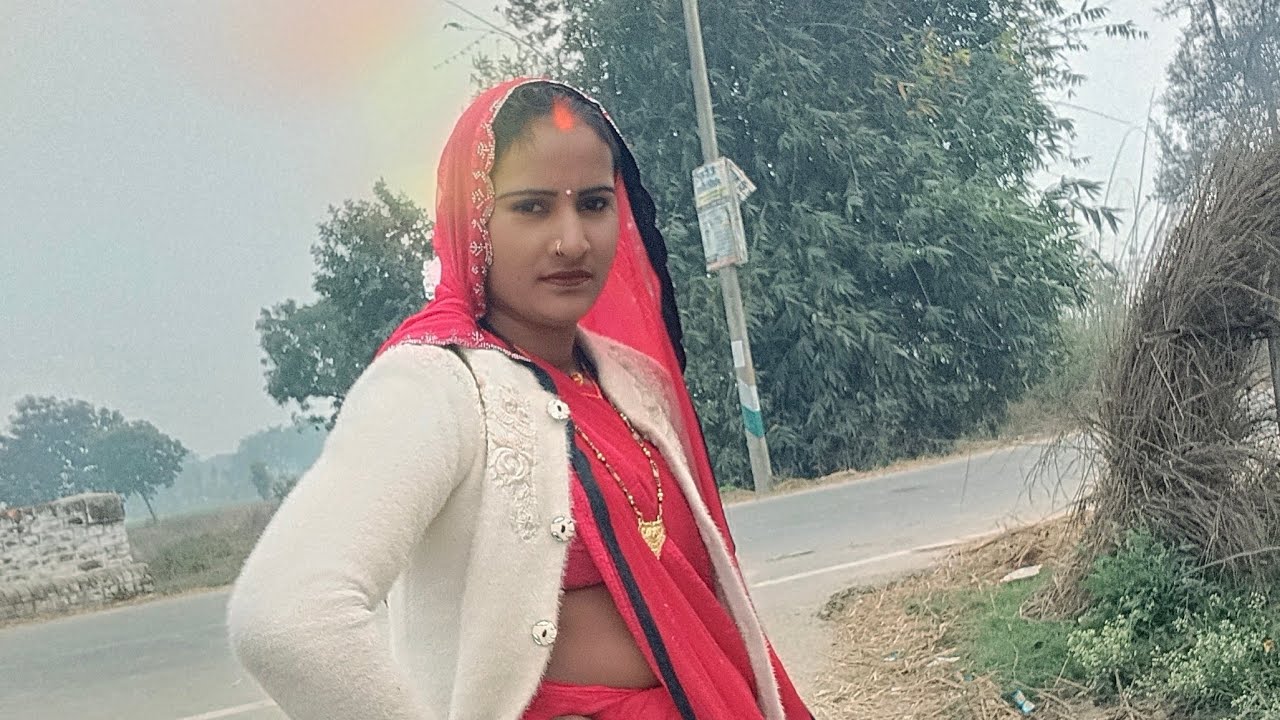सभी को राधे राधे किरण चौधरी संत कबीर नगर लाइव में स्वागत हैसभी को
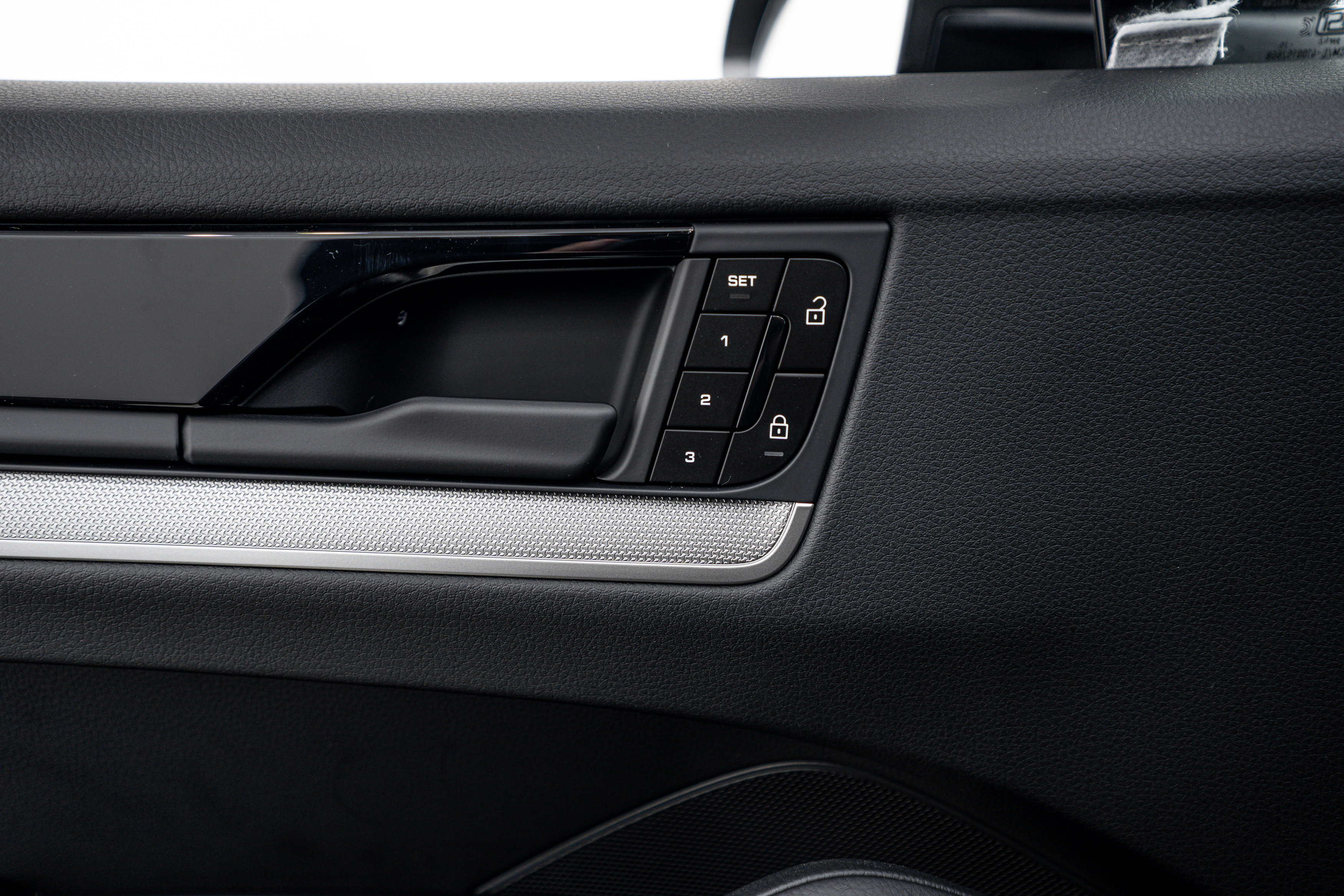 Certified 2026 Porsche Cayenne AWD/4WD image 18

...

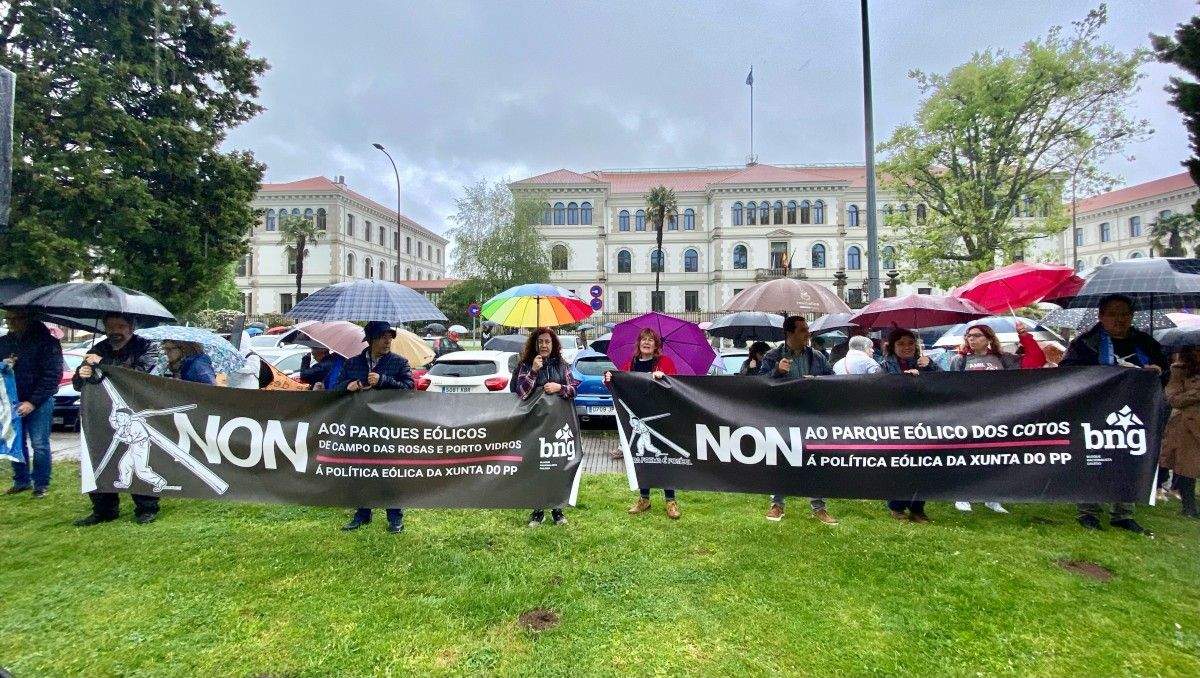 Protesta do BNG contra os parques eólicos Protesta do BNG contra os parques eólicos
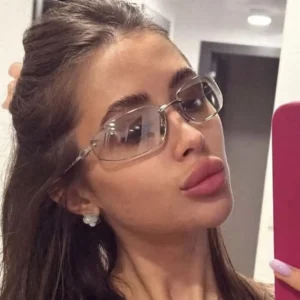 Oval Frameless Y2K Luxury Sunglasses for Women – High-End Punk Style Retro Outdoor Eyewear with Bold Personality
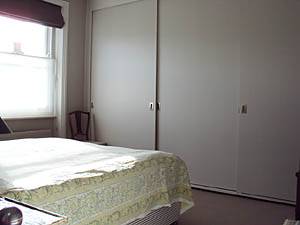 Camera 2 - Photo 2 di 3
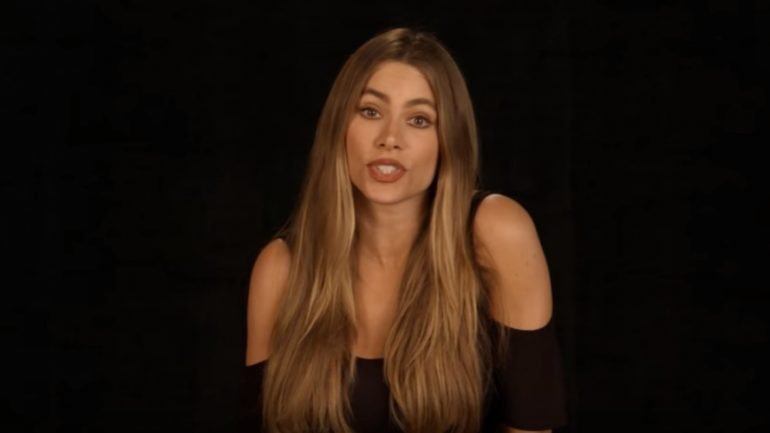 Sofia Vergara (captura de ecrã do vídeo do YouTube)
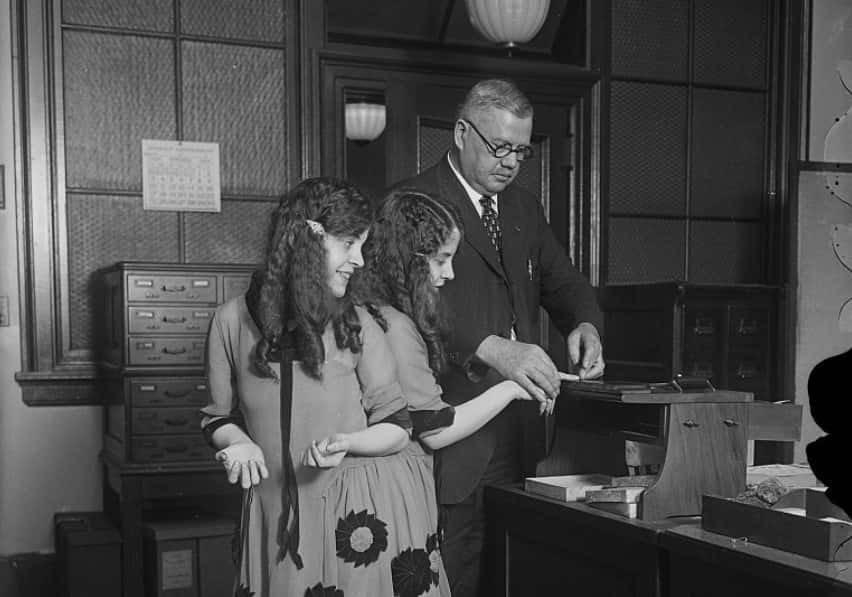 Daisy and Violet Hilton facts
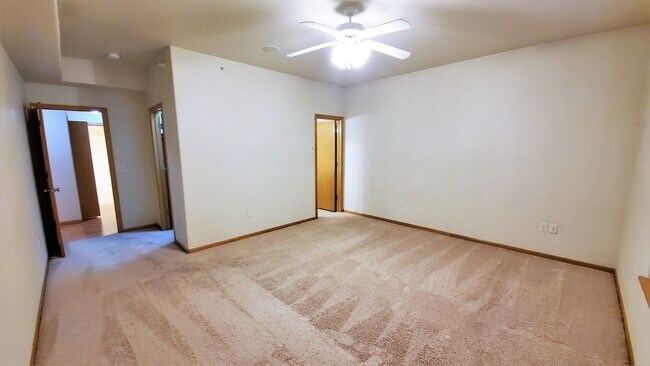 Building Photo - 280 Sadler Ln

→ What is needed: Above this task is a listing with pictures in it. Retype only the lines from the one containing "सभी को राधे" through the one containing "Certified 2026 Porsche", both included, and not the pictures.

→ Output for this task:
सभी को राधे राधे किरण चौधरी संत कबीर नगर लाइव में स्वागत हैसभी को
 Certified 2026 Porsche Cayenne AWD/4WD image 18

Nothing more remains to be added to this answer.